Show HN: How LLMs Work – Interactive visual guide based on Karpathy's lecture

(ynarwal.github.io)

42 points | by ynarwal__ 3 hours ago

5 comments

PetitPrince 10 minutes ago
Have you reread what was produced by Claude Code before publishing ? This thing in one of the first paragraph jumps out:
> you end up with about 44 terabytes — roughly what fits on a single hard drive
No normal person would think that 44 TB is a usual hard drive size (I don't think it even exists ? 32TB seems the max in my retailer of choice). I don't think it's wrong per se to use LLM to produce cool visualization, but this lack of proof reading doesn't inspire confidence (especially since the 44TB is displayed proheminently with a different color).
gushogg-blake 1 hour ago
I haven't found an explanation yet that answers a couple of seemingly basic questions about LLMs:
What does the input side of the neutral network look like? Is it enough bits to represent N tokens where N is the context size? How does it handle inputs that are shorter than the context size?

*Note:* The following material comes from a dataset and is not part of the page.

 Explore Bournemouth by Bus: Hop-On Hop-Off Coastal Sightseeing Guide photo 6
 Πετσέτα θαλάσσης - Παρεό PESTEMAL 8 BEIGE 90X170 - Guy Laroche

I think embedding is one of the more interesting concepts behind LLMs but most pages treat it as a side note. How does embedding treat tokens that can have vastly different meanings in different contexts - if the word "bank" were a single token, for example, how does embedding account for the fact that it can mean river bank or money bank? Do the elements of the vector point in both directions? And how exactly does embedding interact with the training and inference processes - does inference generate updated embeddings at any point or are they fixed at training time?
(Training vs inference time is another thing explanations are usually frustrating vague on)
[-]
- Udo 14 minutes ago
  > What does the input side of the neutral network look like? Is it enough bits to represent N tokens where N is the context size?

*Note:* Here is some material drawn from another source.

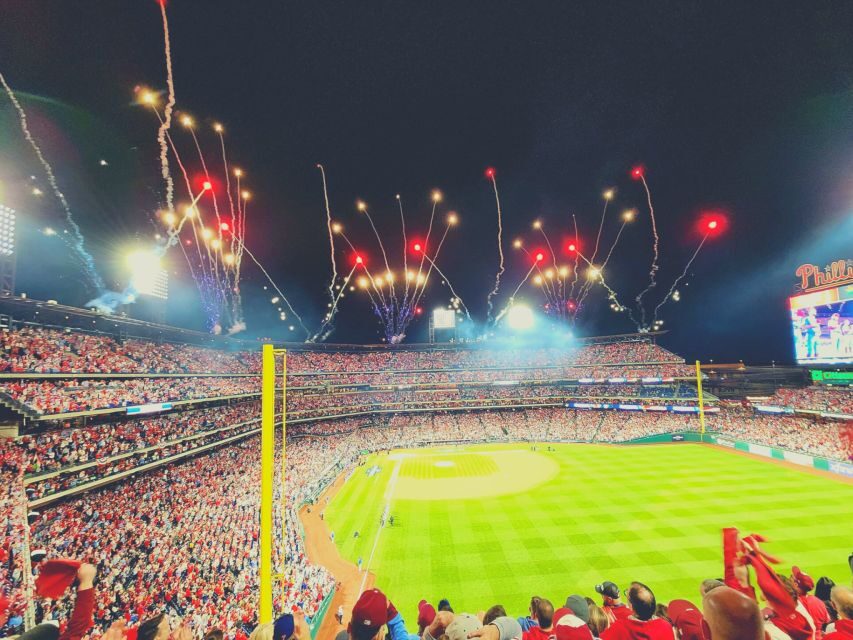 Philadelphia: Philadelphia Phillies Baseball Game Ticket - Key things to know before you go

  Not quite. The raw text converted into IDs corresponding to tokens by the tokenizer. Each token maps onto a vector, via a so-called embedding lookup (I always thought the word choice embedding was weird, but it's a standard).
  This vector is then augmented with further information, such as positional and relational information, which happens inside the model.

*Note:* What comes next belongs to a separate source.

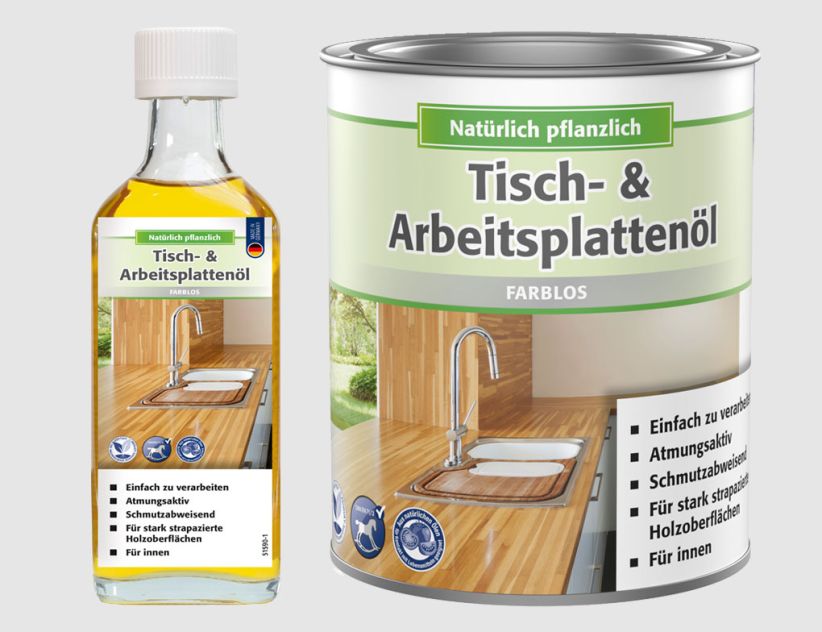 Tisch & Arbeitsplattenöl Farblos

  The context is not a bitfield of tokens. It's a collection of vectors that are annotated with additional information by the model. The context size of a model is a maximum usable sequence length, it's not a fixed input array.
  > if the word "bank" were a single token, for example, how does embedding account for the fact that it can mean river bank or money bank? Do the elements of the vector point in both directions?
  The vector mapped to "bank" sorts the token into a very high dimensional space that points at all kinds of areas. These mappings are unlabeled, they are learned relationships between concepts. So the embedding vector derived from the token "bank" achieves most of its semantic meaning contextually, by the model putting it into relation to its interpretation of the source text. This is part of the relational annotations I mentioned earlier.
  > does inference generate updated embeddings at any point or are they fixed at training time
  During inference, model weights are fixed. Disregarding certain caveats for simplicity, LLMs are stateless machines. You can (and inference providers often do) statelessly round-robin your inference workload between any number of inference nodes.
  > Training vs inference time is another thing explanations are usually frustrating vague on
  Training is a proprietary, many-step process of building up and modifying the model weights. What comes out of this is a snapshot of a model's state during training. You can, in principle, at any point during training export this snapshot. The act of running the snapshot of the model in the aforementioned stateless environment is what they call inference.
  That's my attempt at an explanation, I hope this helped.
Barbing 43 minutes ago
Lefthand labels (like Introduction) can overlap over main text content on the right in the central panel - may be able to trigger by reducing window width.
lukeholder 1 hour ago
Page keeps annoyingly scroll-jumping a few pixels on iOS safari
[-]
- tbreschi 37 minutes ago
  Yeah that typing effect at the top (expanding the composer) seems to be the isssue
learningToFly33 3 hours ago
I’ve had a look, and it’s very well explained! If you ever want to expand it, you could also add how embedded data is fed at the very final step for specific tasks, and how it can affect prediction results.